Donc, l’art du bondage, contrairement à ce que d’aucuns pensent, n’a rien à voir avec des photos de nus saucissonnés et ficelés. On doit considérer la complexité des nœuds. On sait, que dans le Japon classique, le nœud était devenu un art. Savoir faire un nœud était réservé à une élite « d’éduqué ». La créativité fut un temps absolument débordante et cet art atteignit des sommets. Une fois les sommets atteints, les Japonais, hommes de défis, en ont cherché d’autres et l’art du nœud comme l’art du bouquet ou bien d’autres encore a décliné.

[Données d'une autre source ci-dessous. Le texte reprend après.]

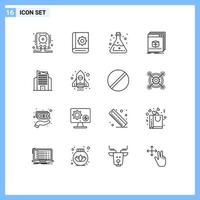ensemble de 16 symboles d'icônes d'interface utilisateur modernes signes pour le logiciel de service d'application de fichier acide éléments de conception vectoriels modifiables vecteur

Heureusement, de nos jours de vrais artistes ont voulu retrouver les techniques ancestrales et l’art du nœud retrouve une nouvelle jeunesse grâce à de jeunes créateurs et à un nouveau débordement d’imagination. Araki fait partie de ces artistes jeunes. Non seulement il sait faire des nœuds mais en plus il les photographie. Certains artistes font des nœuds avec des cordes, d’autres avec des fils de soie, on a même entendu parler des nœuds arachnéens qui, comme leur nom l’indique, sont réalisés avec des fils d’araignée. Araki, d’après ce que j’ai compris utilise un peu de tout, du ruban scotch, de la corde pour pendaison publique, de la corde à sauter (sans sous-entendu s’il vous plait). On dit même qu’il aurait fait des nœuds avec de la corde à nœuds.

 

Mais, il ne faudrait pas imaginer qu’Araki s’est contenté de faire des nœuds et de les photographier y compris lorsqu’une femme toute nue s’est introduit à l’intérieur du nœud sans y prendre garde. Il a aussi pris des fleurs en photos. En couleurs aussi. Ça change beaucoup de prendre une photo de fleurs en couleur au lieu de la prendre en noir et blanc. Regardez Mapplethorpe. Ses photos de fleurs sont en noir et blanc. On ne peut pas s’attendre à autre chose qu’à une sorte de perfection formelle (elles sont d’ailleurs merveilleusement belles et d’une pureté formelle exceptionnelle). Donc, regardez les photos de fleurs de Mapplethorpe, elles manquent de couleur ! Alors qu’avec Araki, il y a beaucoup de couleurs. Rouge. Il est connu que le Rouge c’est sexuel et sensuel. Il est connu qu’en les photographiant sous un certain angle les photos de fleurs suggèrent parfois crument les organes sexuels de la femme. (Pour les hommes, il vaut mieux recourir aux fruits et encore le résultat n’est pas assuré). Au fait, Araki aurait surtout photographié des fleurs rouges ? On dit, que non, mais qu’il aurait peint en rouge certaines fleurs qui étaient trop bleues pour être rouges.

 

Dans l’œuvre d’Araki, 500 livres, il n’y a pas que des nœuds ou des fleurs, il y a aussi des gens. Beaucoup de gens. Des gens d’un peu partout. Araki, c’est lui qui le dit, n’a jamais pu se passer de son appareil de photo. J’ai dû trouver ça dans un entretien. C’est comme ça, c’est compulsif. C’est un serial photographer. Il appuie, il appuie, il appuie, il déclenche à toute berzingue. C’est un drogué de l’obturateur qui se désobture. C’est pourquoi Araki peut dire qu’il a fait des milliers de photo. Le tout c’est d’avoir le pognon pour développer. Et puis, au fond pourquoi développer tout ? ça fait très petit bourgeois que de vouloir développer. Et faire des albums aussi, tant qu’on y est ? En collant les photos ? Ridicule !

 

Plus sérieusement, je pense qu’une partie de l’œuvre d’Araki est en train de passer à la trappe. C’est la partie la plus importante : les photos qui n’ont pas été développées. Cela fait penser à la matière noire : on se réjouit de voir les belles étoiles et les constellations et tout ça avec les étranges photos de Hubble. On a tort, on ne voit pas l’essentiel. La matière noire compte pour l’essentiel de la matière dans l’univers. Et on ne la voit pas. Alors que c’est peut-être ce qu’il y a de plus beau mais qu’on ne peut pas voir parce qu’on ne sait pas bien ce que c’est que la matière noire.

 

Eh bien Araki, c’est la même chose : ce qui est le plus beau dans son œuvre c’est ce qu’on ne voit pas, sa matière noire à lui, qu'il ne peut pas montrer parce qu’il ne sait pas encore très où elle est.